第2話 怪しい黒騎士
馬車に揺られながら、俺達は街道を一路北へ向かう。
御者台に座る騎士は、あの出発以来、必要な時以外は離さなくなってしまった。
おかげで、些か空気は重い。
「ねぇ、そろそろちゃんと謝ったほうがいいんじゃないかい?」
「ぐっ」
こそりと耳打ちしてくるティナに、俺は眉根を寄せる。
なんとなく、悪いことをしてしまった感はあるのだ。
あんな風にしか言えないなど、自分がガキくさいこともわかっている。
しかし、どうにもアシュレイという男が気に入らなかった。
そして、それに拍車をかけるのが俺の手元に握られている羊皮紙の束……すなわち、黒騎士アシュレイが用意した旅程である。

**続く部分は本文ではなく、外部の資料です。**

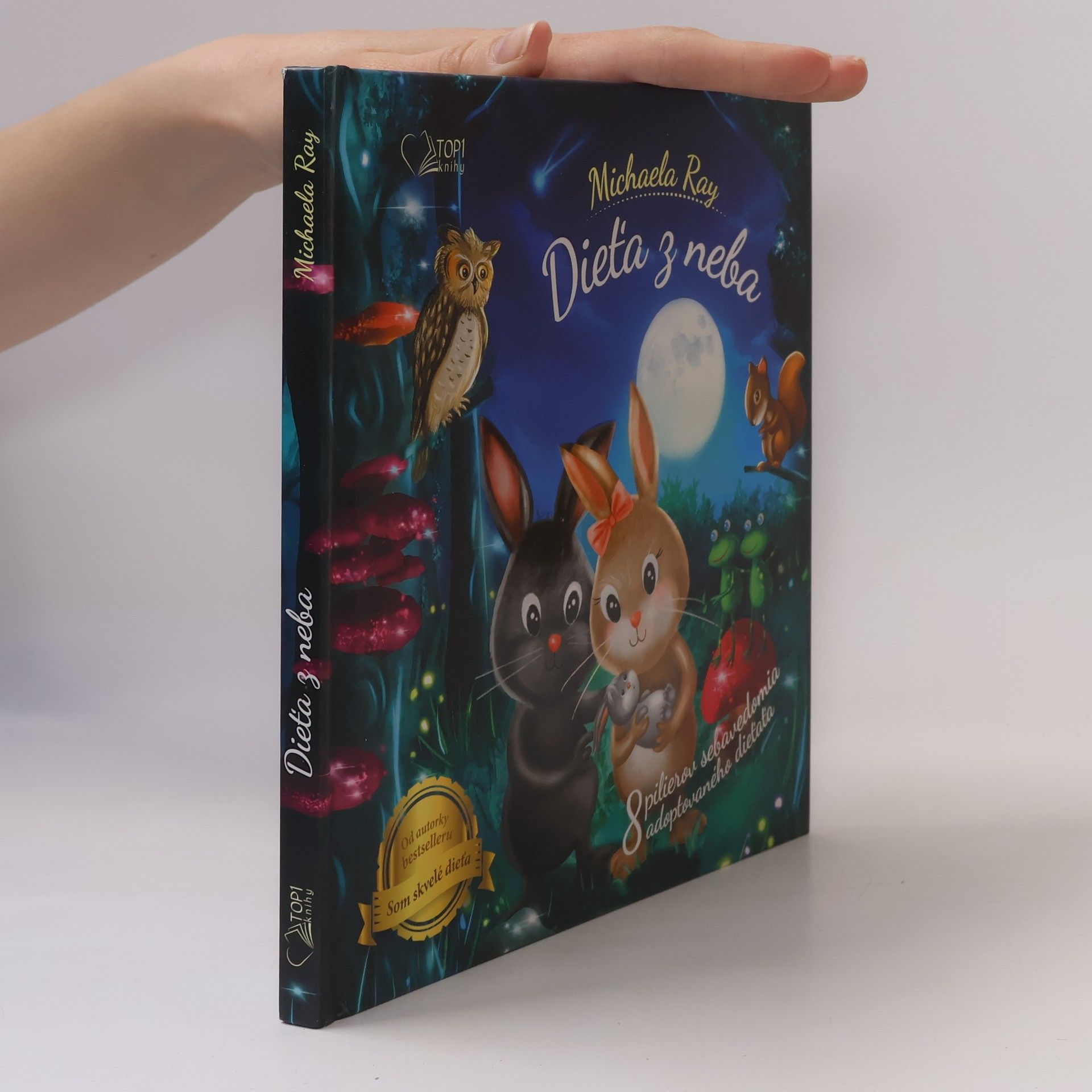 Michaela Ray Dieťa z neba - 8 pilierov sebavedomia adoptovaného dieťaťa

細やかに、綿密に組まれた旅の行程が隙なく綴られたそれは、俺を打ちのめすのに十分なものだった。
馬車の手配。
食糧の配分。
旅宿の場所。
安全なキャンプ地。
これを見れば、事前に俺達がたてた旅のスケジュールなど、ピクニックの予定のごときお粗末なものに見えてくる。
初めての旅、課せられた使命──それに視野を狭窄させ、自分の準備に手一杯となった俺達に足りないもの、そして見通しの甘さを浮き彫りになってしまった形だ。
それに、実力差も。
道中、何度か
全員で、対処を行ったが……アシュレイの強さは頭一つとびぬけていた。
剣術にせよ、魔法にせよ、その腕は相当なもので、俺達が四人で一匹の魔物を相手取ってる間に、他の魔物を全て切り捨ててしまうほどに。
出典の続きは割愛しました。